2. Description of the Related Art
Electrochemical fuel cells convert reactants, namely fuel and oxidant fluid streams, to generate electric power and reaction products. Electrochemical fuel cells employ an electrolyte disposed between two electrodes, namely a cathode and an anode. The electrodes each comprise an electrocatalyst disposed at the interface between the electrolyte and the electrodes to induce the desired electrochemical reactions. The location of the electrocatalyst generally defines the electrochemically active area.
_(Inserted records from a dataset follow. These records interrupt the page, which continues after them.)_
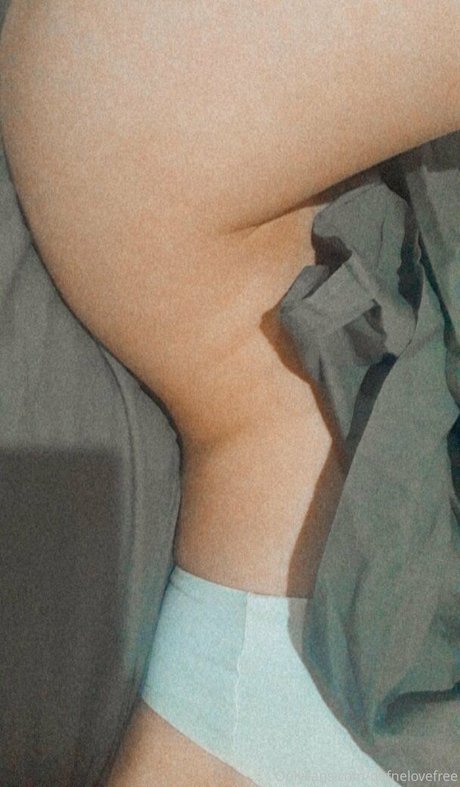 sweetdafnefree erotic actress pic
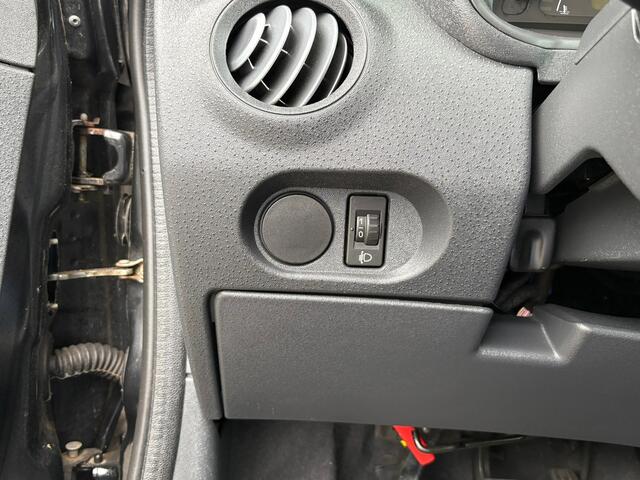 Citroen C2 Attraction 1.1i airco -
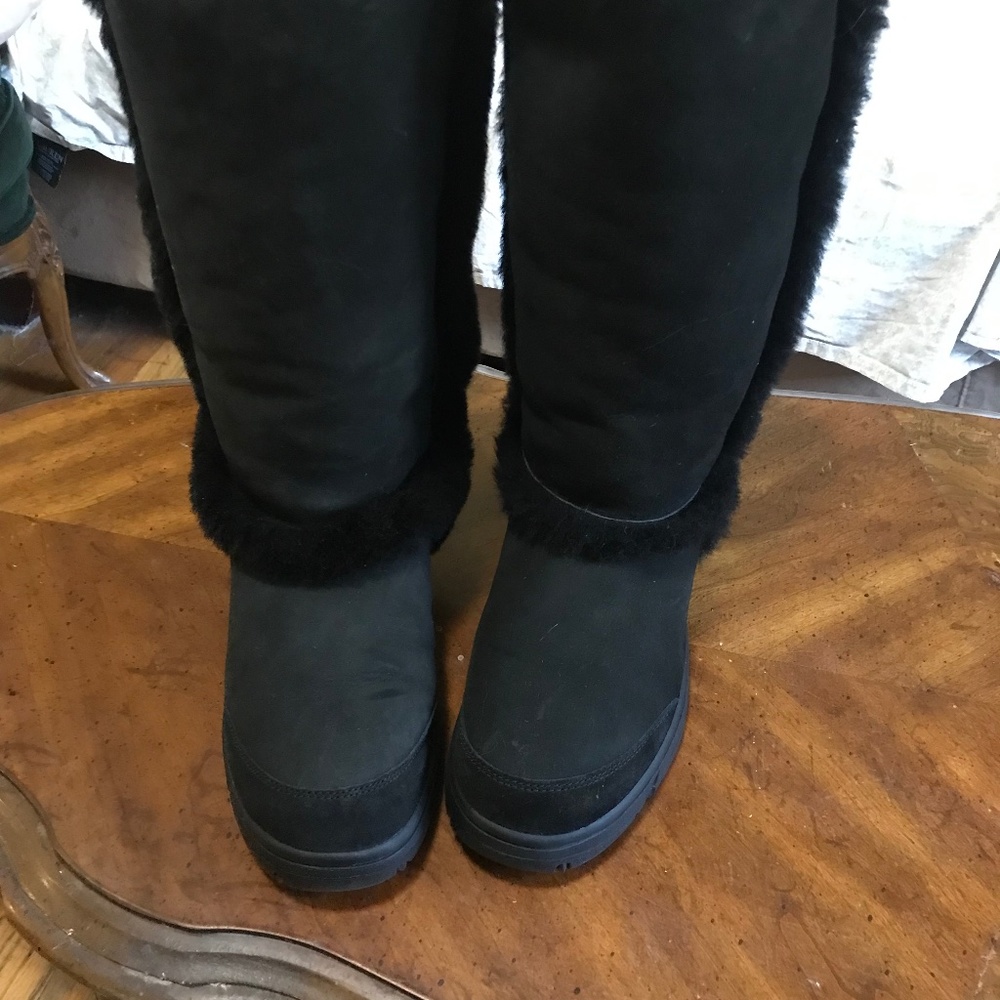 UGG Sunburst Tall Boots-New size 9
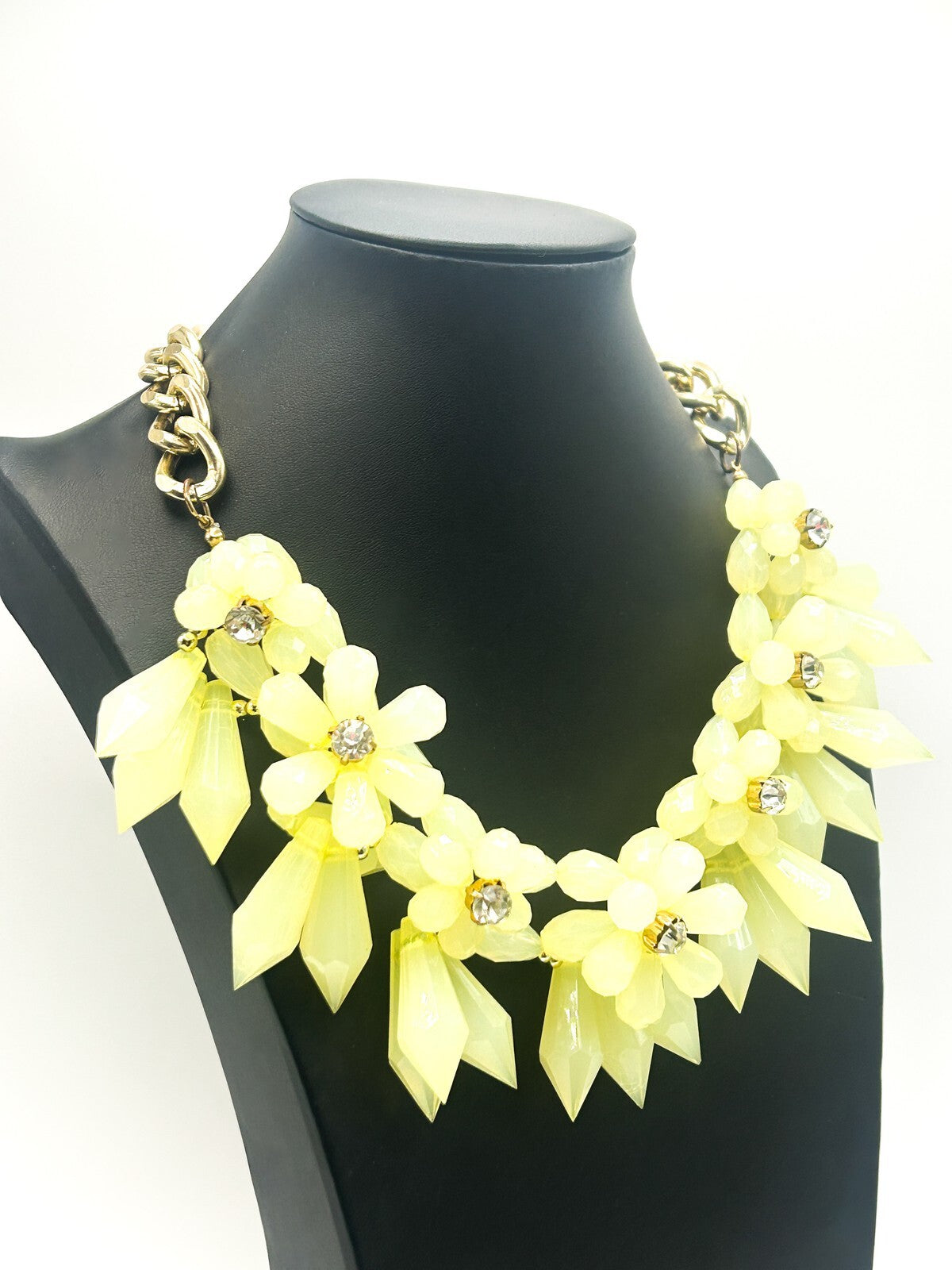 Yellow Faceted Teardrop & Rhinestone Flower Statement Necklace – 19”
Polymer electrolyte membrane (PEM) fuel cells generally employ a membrane electrode assembly (MEA) consisting of an ion-exchange membrane disposed between two electrode layers comprising porous, electrically conductive sheet material as fluid diffusion layers, such as carbon fiber paper or carbon cloth. In a typical MEA, the electrode layers provide structural support to the ion-exchange membrane, which is typically thin and flexible. The membrane is ion conductive (typically proton conductive), and also acts as a barrier for isolating the reactant streams from each other. Another function of the membrane is to act as an electrical insulator between the two electrode layers. The electrodes should be electrically insulated from each other to prevent short-circuiting. A typical commercial PEM is a sulfonated perfluorocarbon membrane sold by E.I. Du Pont de Nemours and Company under the trade designation NAFIONŽ.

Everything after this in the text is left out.